EDITO - Jouahri, l’homme blessé

Par Aicha Akalay

Ses conférences de presse font toujours carton plein. Quand il pénètre dans la salle où les journalistes l’attendent avec impatience, d’un pas dynamique, il serre la main de tout le monde, comme aucun autre haut responsable public ne le fait. Du haut de ses 78 ans, Abdellatif Jouahri est une rock-star. Une vraie. Mais au-delà du show bien rodé, le wali de Bank Al-Maghrib ne donne jamais dans l’esbroufe, son courage et sa rigueur font l’unanimité. L’écouter parler de la politique monétaire ou de la situation du secteur bancaire, avec son roulement de “r” reconnaissable entre mille, fait partie des grands moments de la carrière d’un journaliste. On y apprend beaucoup. Sans l’ombre d’un doute, l’homme est respecté et apprécié. Par tous, médias, professionnels et représentants d’organismes internationaux. Mais il est aussi jalousé, son poste étant convoité par des patrons de banque, de hauts responsables publics et même par des ministres en exercice. Sauf qu’aucun n’a sa trempe. Conservateur, prudent, Jouahri préparait le changement du régime de change depuis des années. Ces derniers mois, il a multiplié les opérations de communication pour expliquer, rassurer, et a engagé sa parole : aucune dévaluation du dirham n’est à craindre. Et le Palais a été régulièrement informé de l’évolution du dossier. Début juillet, le Maroc devait ainsi débuter la fluctuation de sa monnaie

 

Seulement voilà, des banques de la place ont trahi la confiance de Abdellatif Jouahri. Et finalement aussi leur pays. Pas las de se gaver, ils ont massivement spéculé sur le dirham. Certaines sources fiables évaluent le montant de ces spéculations à plus de 20 milliards de dirhams. C’est la crise entre les banquiers et leur autorité de tutelle, qui ordonne une enquête. Pas tous ont spéculé — les échos de la place reconnaissent que seul un banquier s’est montré exemplaire —, mais ceux qui l’ont fait devraient être durement punis. Quand l’enquête donnera ses résultats, espérons que les pénalités — soyons fous — soient cent fois plus élevées que les gains escomptés. Hors de question de se contenter d’une admonestation entre quatre murs. Il faut une sanction pour l’exemple, car cette trahison a porté atteinte à la crédibilité du wali de la banque centrale, dont les promesses et gages ont été ignorés par ses propres ouailles. Et surtout, quelle meilleure preuve du manque de confiance en son pays et ses institutions.

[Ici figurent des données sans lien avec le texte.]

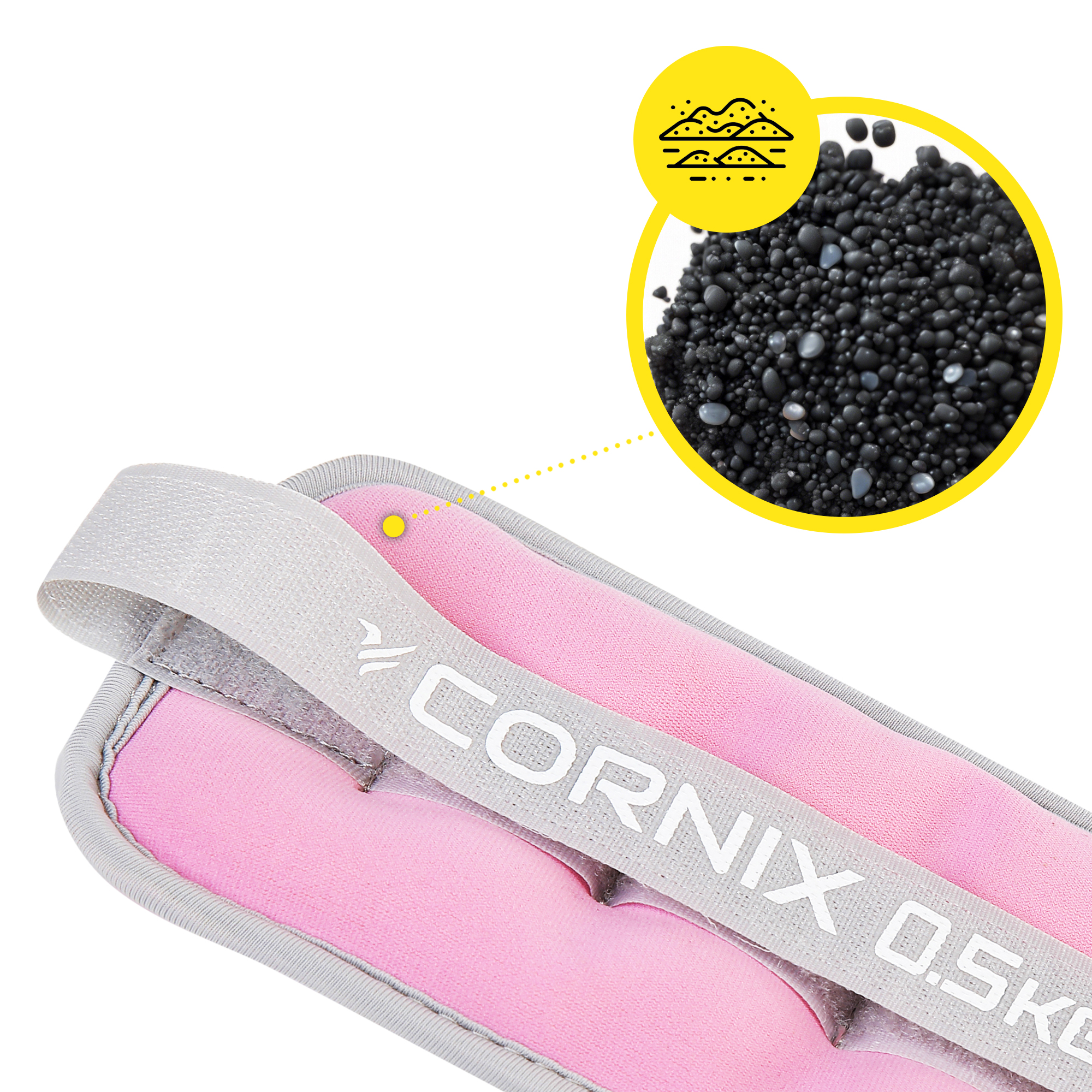 Обважнювачі-манжети для ніг та рук Cornix 2 x 0.5 кг XR-0358 — фото 5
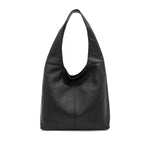 Load image into Gallery viewer, lusciousscarves Black Leather Hobo Shoulder Bag
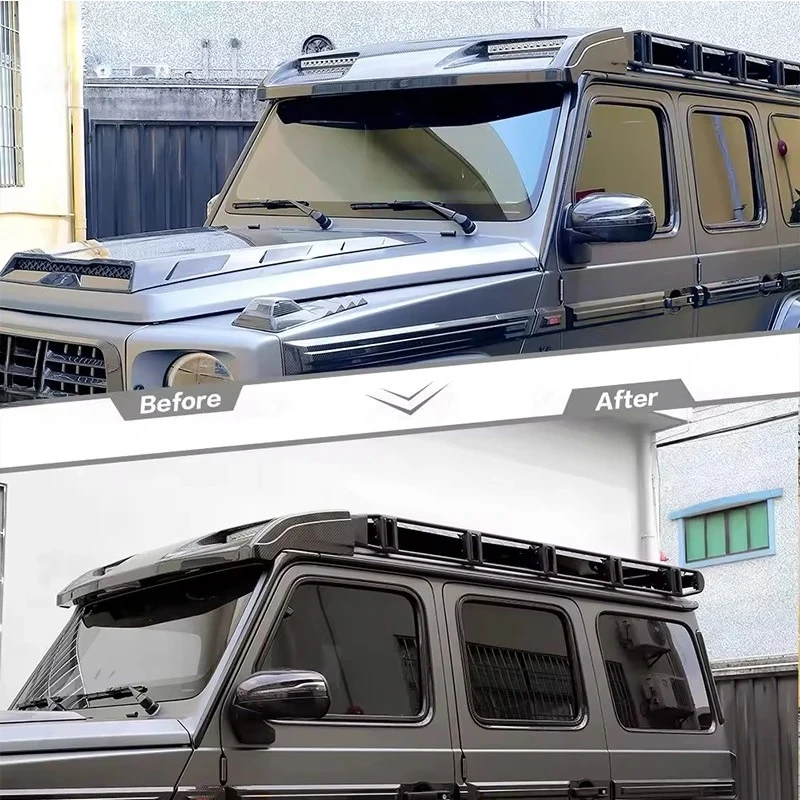 4x4 รถอุปกรณ์เสริมหลังคาสปอยเลอร์แสงแห้งคาร์บอนไฟเบอร์หลังคาสําหรับ G Class W464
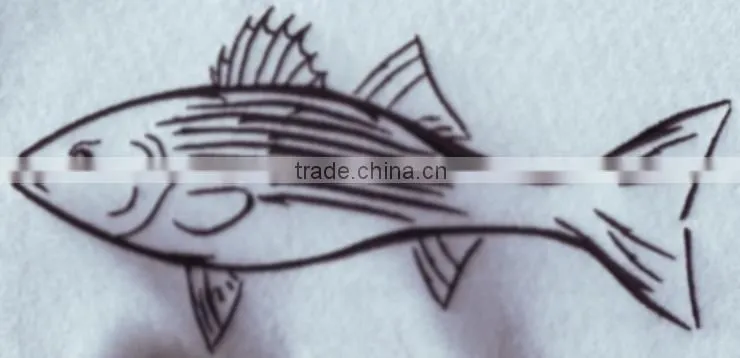 Cheap promotional fishes embroidery patches Iron on clothing fabric.
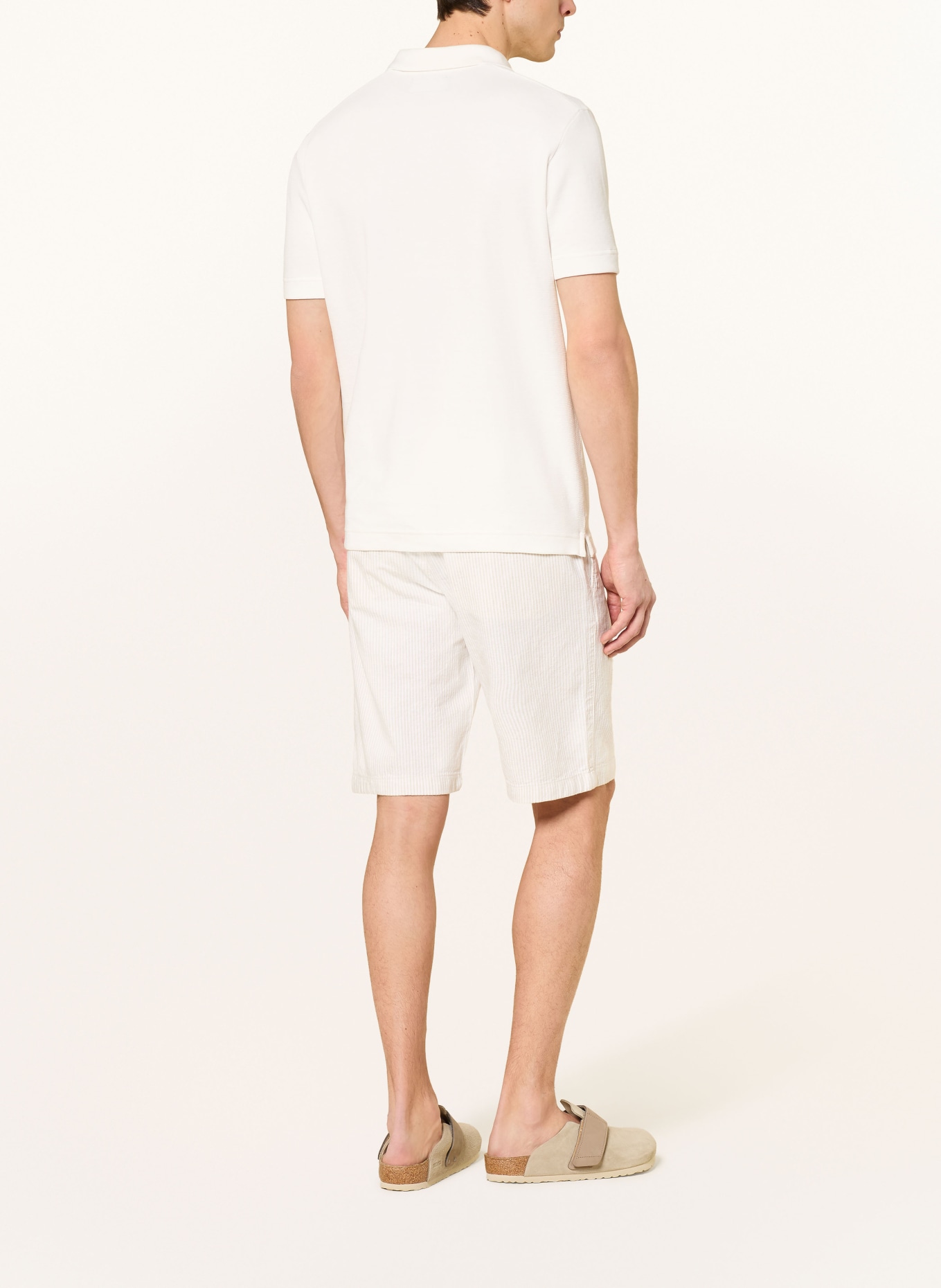 Marc O'Polo Jersey Polo Shirt, Regular Fit: WHITE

Comme un malheur n’arrive jamais seul, il a fallu que le très effacé Chef du gouvernement s’en mêle. Dans une interview diffusée à la télévision le 1er juillet, Saâd-Eddine El Othmani a révélé la largeur de la bande de fluctuation du dirham (5%) devant les yeux ébahis de téléspectateurs avisés. Ce qui serait resté un secret d’Etat jalousement gardé sous d’autres cieux, est révélé sans grande émotion. L’entourage du Chef du gouvernement jure que cette sortie était préméditée, pour “rassurer” et aussi pour se faire mousser. Il fallait prouver qu’il maîtrise le sujet, affirme une source proche d’ El Othmani. Depuis, le dossier n’est plus entre les mains de la banque centrale, mais sur le bureau de la primature. Au-delà de l’affaiblissement d’un wali qui avait tous les atouts pour mener cette réforme à bien, la gestion de cette affaire révèle encore une fois de graves défaillances de gouvernance. La fluctuation du dirham est reportée sans explications, les autorités monétaires, jusque là éloignées des contingences politiques, sont mises à mal, et une réforme majeure est désormais entre les mains d’une institution qui semble en ignorer les enjeux — rappelons que le Chef du gouvernement n’a été que récemment briefé sur cette réforme. Qui est responsable de ce cafouillage général ? Personne ne nous fera la politesse de nous le dire.